Recreate the listing that follows line for line, without pictures.
:: RECORDS FOR THE TASK ::
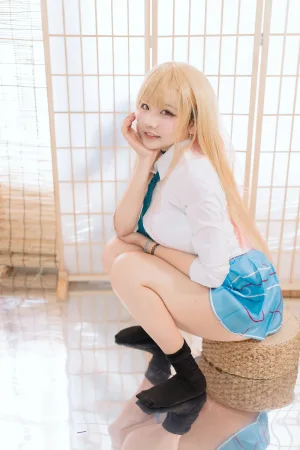 阿半今天很开心《喜多川x小雫》主题写真：56张全套美图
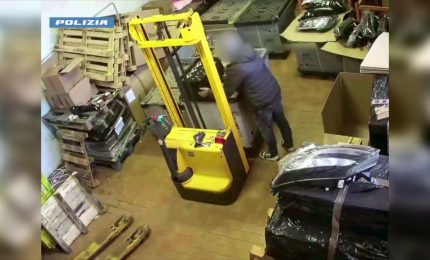 Furto e ricettazione di ricambi per auto, arresti a Torino
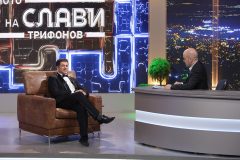 Мариан Бачев като Агент Кирил Петков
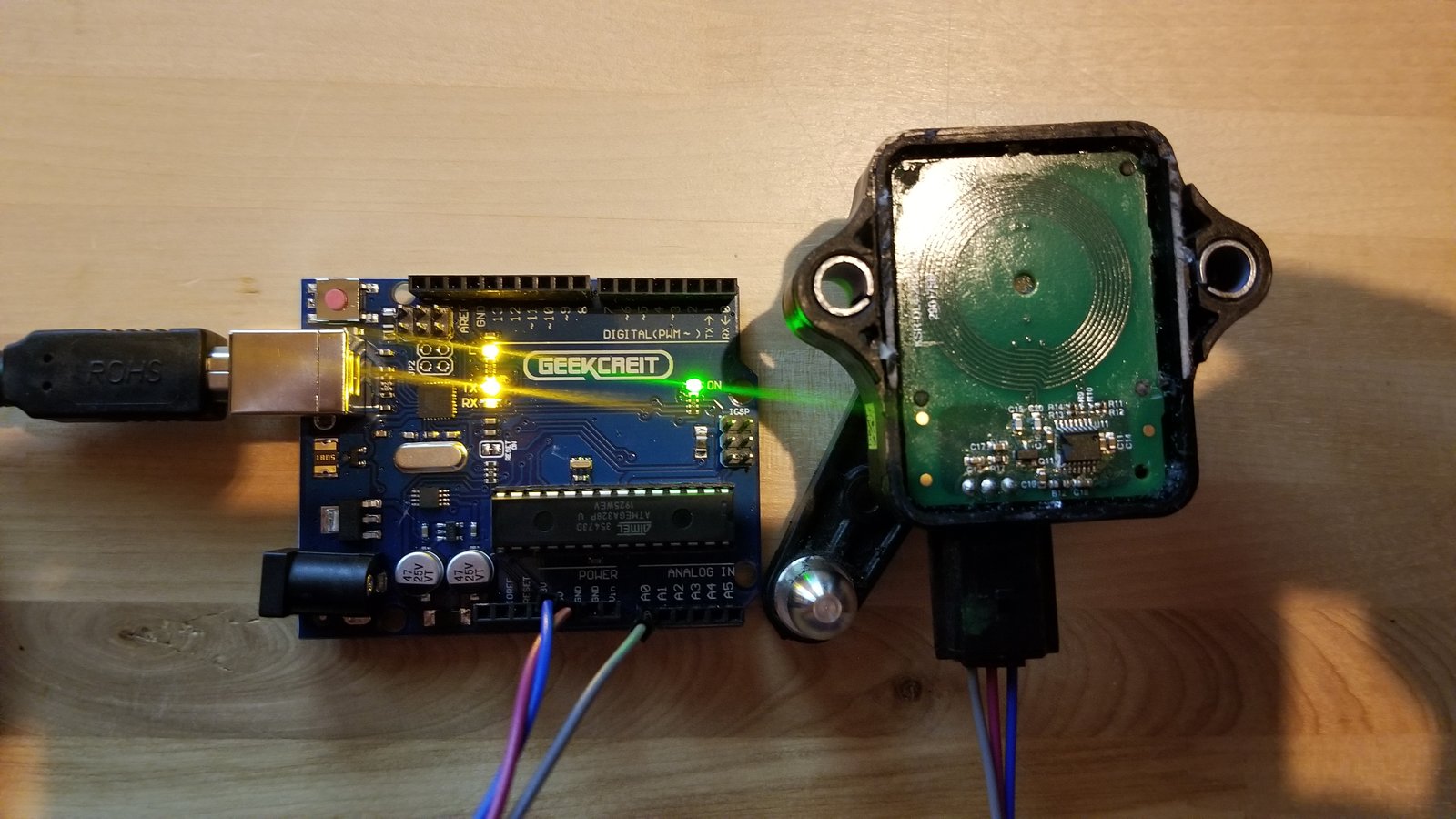 Arduino connected to leveling sensor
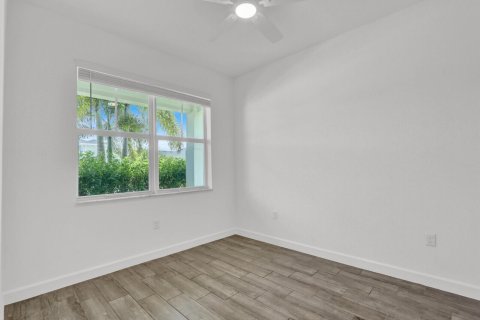 Villa ou maison à vendre à Port St. Lucie, Floride: 3 chambres, 149.57 m2 № 2300142 - photo 19
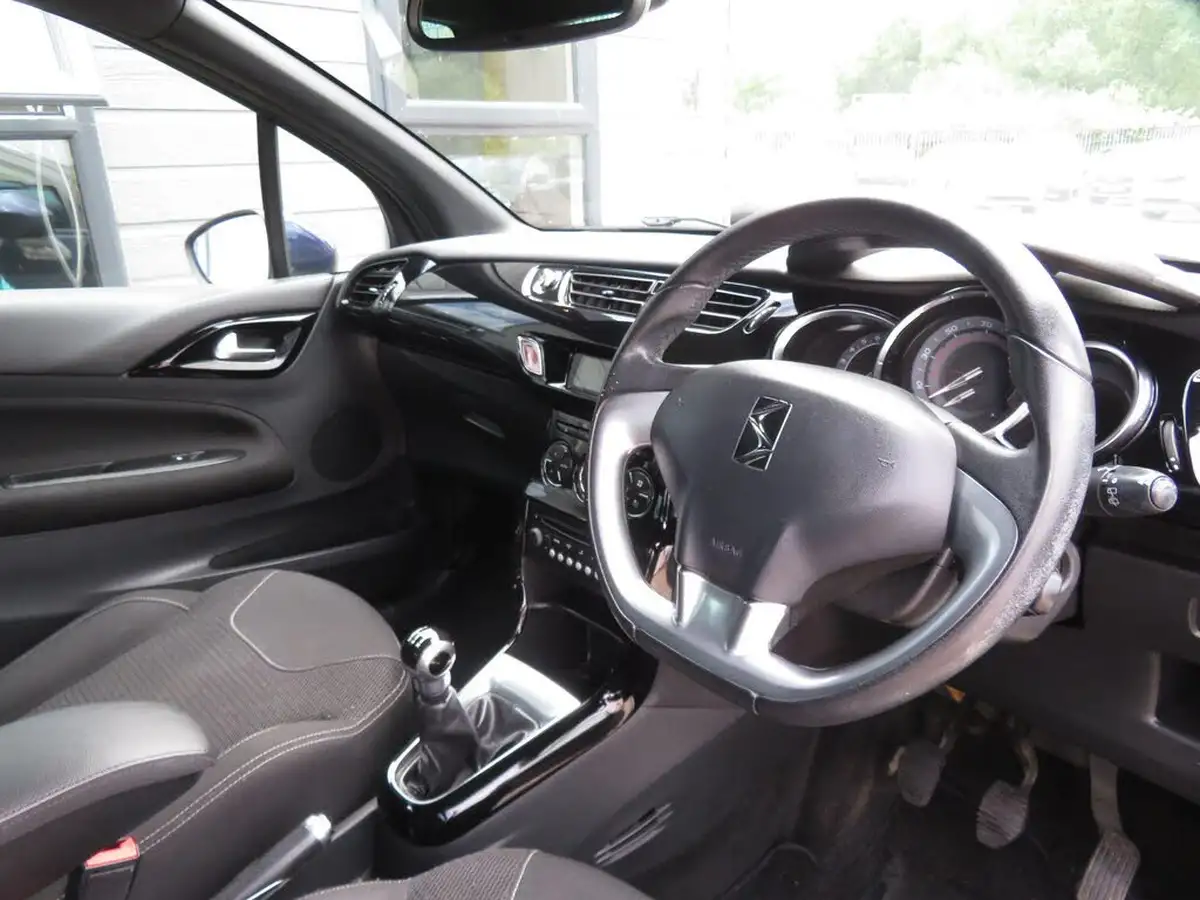 2014-citroen-ds3-16-dstyle-plus-vti-120bhp-big-9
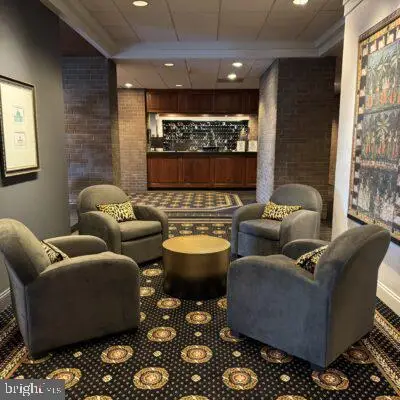 1800 Old Meadow Rd #1021, MCLEAN, VA 22102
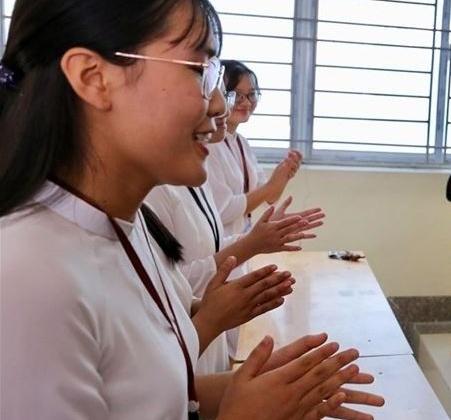 Phải dạy cả văn hóa, đạo đức và những kỹ năng sống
:::
# ANSWER SECTION
 阿半今天很开心《喜多川x小雫》主题写真：56张全套美图
 Furto e ricettazione di ricambi per auto, arresti a Torino
 Мариан Бачев като Агент Кирил Петков
 Arduino connected to leveling sensor
 Villa ou maison à vendre à Port St. Lucie, Floride: 3 chambres, 149.57 m2 № 2300142 - photo 19
 2014-citroen-ds3-16-dstyle-plus-vti-120bhp-big-9
 1800 Old Meadow Rd #1021, MCLEAN, VA 22102
 Phải dạy cả văn hóa, đạo đức và những kỹ năng sống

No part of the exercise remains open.